** Exercise materials **

* * * * * * * * *

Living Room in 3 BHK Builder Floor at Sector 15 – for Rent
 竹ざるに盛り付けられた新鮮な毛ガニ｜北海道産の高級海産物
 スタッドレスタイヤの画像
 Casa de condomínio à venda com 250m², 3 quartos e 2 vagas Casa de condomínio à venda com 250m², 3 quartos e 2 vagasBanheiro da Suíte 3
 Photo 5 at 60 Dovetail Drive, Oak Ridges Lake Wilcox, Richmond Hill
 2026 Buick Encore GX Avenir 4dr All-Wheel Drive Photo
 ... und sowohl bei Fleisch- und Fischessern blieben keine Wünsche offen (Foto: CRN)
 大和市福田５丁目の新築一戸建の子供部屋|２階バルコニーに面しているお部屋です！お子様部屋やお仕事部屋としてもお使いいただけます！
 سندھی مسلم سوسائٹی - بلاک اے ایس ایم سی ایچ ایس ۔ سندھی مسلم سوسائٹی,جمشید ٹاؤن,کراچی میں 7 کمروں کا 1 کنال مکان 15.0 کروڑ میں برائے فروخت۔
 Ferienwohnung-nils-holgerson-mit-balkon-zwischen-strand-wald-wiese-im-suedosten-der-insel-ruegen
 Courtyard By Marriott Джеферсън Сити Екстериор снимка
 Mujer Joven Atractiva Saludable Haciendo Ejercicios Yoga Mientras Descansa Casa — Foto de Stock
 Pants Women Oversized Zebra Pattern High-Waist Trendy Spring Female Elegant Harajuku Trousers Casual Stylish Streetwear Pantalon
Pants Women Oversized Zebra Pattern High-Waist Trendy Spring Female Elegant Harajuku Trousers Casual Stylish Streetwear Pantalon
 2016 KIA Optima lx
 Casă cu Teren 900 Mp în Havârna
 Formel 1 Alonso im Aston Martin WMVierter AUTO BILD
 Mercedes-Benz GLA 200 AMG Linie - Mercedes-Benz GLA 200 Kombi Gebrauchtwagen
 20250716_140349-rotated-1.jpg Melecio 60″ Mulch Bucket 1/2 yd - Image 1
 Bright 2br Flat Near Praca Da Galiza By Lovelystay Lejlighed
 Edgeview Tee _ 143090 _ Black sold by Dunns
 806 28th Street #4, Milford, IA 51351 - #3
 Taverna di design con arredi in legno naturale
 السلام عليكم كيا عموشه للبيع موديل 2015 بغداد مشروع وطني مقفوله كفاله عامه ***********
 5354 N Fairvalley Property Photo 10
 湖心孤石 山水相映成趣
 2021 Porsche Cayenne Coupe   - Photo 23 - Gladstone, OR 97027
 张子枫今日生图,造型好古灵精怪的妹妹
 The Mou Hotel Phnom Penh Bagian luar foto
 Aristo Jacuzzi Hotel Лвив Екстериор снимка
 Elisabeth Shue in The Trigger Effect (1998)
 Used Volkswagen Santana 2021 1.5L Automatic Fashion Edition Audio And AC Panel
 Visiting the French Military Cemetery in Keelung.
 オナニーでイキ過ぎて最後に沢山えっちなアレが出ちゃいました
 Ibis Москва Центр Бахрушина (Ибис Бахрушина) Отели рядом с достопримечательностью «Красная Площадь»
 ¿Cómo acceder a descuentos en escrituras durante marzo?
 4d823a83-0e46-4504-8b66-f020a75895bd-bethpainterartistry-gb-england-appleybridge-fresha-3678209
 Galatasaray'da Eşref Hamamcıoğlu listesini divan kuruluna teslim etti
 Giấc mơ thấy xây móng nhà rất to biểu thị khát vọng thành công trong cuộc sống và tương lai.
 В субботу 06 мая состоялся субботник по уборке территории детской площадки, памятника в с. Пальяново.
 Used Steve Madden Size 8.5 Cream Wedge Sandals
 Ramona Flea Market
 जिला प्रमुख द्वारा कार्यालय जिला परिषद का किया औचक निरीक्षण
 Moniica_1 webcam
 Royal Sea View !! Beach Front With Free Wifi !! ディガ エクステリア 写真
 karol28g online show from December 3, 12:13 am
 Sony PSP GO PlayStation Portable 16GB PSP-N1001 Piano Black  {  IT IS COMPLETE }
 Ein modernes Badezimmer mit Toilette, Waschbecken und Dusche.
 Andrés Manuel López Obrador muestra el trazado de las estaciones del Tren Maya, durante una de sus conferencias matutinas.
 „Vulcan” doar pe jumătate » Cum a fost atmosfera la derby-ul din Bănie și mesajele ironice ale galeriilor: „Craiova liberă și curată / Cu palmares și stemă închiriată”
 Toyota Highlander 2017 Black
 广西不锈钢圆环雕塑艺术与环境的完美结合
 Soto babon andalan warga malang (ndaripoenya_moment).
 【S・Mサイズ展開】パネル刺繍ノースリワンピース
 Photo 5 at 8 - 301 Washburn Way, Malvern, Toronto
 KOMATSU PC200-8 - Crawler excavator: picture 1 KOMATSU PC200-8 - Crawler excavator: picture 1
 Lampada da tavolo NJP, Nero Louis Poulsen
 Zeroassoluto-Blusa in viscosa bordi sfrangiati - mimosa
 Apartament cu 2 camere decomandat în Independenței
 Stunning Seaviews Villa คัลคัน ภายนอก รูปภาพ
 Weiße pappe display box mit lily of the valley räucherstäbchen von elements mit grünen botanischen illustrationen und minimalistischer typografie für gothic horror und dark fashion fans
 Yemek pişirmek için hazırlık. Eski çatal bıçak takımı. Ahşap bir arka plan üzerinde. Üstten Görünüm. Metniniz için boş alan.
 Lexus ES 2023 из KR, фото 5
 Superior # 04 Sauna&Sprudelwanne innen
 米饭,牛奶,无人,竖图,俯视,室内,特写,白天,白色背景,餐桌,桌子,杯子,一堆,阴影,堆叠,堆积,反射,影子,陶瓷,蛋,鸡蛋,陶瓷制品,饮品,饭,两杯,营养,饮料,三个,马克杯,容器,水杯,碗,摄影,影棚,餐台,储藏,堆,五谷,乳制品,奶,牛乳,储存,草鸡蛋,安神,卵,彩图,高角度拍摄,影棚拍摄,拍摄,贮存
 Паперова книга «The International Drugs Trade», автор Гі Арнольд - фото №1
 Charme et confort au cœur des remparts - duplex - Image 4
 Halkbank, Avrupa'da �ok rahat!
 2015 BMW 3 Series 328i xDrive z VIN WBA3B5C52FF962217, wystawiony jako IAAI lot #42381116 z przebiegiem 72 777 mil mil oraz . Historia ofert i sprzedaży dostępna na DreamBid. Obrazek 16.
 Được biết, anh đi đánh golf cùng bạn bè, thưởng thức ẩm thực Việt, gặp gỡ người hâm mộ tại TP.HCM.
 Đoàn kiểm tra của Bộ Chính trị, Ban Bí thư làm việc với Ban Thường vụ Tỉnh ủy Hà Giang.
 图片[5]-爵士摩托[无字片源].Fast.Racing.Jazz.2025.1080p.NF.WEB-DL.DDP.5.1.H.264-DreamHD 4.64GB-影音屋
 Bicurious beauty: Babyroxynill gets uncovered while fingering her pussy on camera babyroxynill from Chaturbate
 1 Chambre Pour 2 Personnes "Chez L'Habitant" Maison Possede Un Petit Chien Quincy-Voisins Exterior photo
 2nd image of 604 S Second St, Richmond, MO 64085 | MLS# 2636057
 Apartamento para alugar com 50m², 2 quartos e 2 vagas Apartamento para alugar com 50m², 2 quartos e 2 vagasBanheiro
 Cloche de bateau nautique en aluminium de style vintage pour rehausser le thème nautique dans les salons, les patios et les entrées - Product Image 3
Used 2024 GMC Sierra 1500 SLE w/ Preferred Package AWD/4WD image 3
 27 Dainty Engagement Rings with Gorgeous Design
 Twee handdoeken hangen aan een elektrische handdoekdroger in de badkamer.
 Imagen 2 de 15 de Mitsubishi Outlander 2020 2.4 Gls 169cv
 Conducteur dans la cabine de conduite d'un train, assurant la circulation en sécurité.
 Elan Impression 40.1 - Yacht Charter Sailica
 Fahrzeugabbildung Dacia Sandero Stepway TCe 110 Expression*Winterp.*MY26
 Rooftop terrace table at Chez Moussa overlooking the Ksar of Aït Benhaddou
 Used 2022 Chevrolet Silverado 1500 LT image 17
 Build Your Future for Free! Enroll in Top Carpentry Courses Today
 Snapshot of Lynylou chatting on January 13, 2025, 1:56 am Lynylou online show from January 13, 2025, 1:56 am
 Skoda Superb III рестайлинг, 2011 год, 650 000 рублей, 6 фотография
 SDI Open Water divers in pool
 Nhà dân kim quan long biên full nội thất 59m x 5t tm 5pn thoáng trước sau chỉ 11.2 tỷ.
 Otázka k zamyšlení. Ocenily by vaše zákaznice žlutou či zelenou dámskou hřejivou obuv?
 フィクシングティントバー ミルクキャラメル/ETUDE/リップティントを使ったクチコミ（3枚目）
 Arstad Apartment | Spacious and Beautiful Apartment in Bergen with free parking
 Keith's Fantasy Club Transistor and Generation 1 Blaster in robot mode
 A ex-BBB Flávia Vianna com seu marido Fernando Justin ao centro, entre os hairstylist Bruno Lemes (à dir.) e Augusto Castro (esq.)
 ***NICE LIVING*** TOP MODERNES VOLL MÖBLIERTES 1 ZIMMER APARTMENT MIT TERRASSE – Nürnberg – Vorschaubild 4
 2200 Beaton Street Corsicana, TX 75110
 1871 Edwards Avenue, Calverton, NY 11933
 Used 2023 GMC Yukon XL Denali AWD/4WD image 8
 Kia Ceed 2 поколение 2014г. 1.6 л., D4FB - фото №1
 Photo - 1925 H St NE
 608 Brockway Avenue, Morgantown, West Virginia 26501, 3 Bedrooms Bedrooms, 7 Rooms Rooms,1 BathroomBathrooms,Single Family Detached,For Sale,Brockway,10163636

* * * * * * * * *

** What you are asked to do **
An exact restatement of the lines from the one with "2200 Beaton Street Corsicana, TX 75110" through the last line of the data is the only acceptable answer.

** Response to this exercise **
 2200 Beaton Street Corsicana, TX 75110
 1871 Edwards Avenue, Calverton, NY 11933
 Used 2023 GMC Yukon XL Denali AWD/4WD image 8
 Kia Ceed 2 поколение 2014г. 1.6 л., D4FB - фото №1
 Photo - 1925 H St NE
 608 Brockway Avenue, Morgantown, West Virginia 26501, 3 Bedrooms Bedrooms, 7 Rooms Rooms,1 BathroomBathrooms,Single Family Detached,For Sale,Brockway,10163636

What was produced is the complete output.